▶ What the task requires:
Every line that holds the word "icon" needs to be copied from the data below.

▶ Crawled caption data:
────────────────────

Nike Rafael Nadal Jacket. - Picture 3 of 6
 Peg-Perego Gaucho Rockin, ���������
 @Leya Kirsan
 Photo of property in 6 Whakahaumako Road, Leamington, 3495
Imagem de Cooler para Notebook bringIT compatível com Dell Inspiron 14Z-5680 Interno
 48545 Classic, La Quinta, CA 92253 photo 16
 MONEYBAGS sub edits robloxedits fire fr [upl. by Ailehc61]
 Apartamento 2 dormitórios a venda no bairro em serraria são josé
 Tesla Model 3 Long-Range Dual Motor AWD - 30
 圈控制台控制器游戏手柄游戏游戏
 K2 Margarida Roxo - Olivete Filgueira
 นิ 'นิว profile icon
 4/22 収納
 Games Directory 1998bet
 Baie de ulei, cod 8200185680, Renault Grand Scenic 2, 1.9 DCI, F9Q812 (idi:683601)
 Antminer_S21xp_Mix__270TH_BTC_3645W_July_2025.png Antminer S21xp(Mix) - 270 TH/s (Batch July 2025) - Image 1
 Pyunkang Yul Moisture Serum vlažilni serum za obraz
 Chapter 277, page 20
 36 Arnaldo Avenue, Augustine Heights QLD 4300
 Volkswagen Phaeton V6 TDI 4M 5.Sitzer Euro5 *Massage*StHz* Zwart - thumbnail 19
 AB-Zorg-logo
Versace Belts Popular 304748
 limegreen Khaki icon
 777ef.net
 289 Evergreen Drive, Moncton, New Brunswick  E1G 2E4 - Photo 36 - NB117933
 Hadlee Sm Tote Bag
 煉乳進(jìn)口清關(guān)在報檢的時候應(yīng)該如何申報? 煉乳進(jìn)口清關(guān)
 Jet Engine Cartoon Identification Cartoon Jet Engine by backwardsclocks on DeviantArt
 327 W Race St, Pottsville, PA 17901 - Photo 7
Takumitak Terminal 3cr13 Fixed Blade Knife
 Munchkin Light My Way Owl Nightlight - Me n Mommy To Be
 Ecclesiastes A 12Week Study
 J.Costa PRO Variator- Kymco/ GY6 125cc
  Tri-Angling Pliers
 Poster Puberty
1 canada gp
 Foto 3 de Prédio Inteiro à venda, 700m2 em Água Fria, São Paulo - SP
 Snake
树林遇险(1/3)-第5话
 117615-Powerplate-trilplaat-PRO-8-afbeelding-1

────────────────────

▶ Answer space:
 นิ 'นิว profile icon
 limegreen Khaki icon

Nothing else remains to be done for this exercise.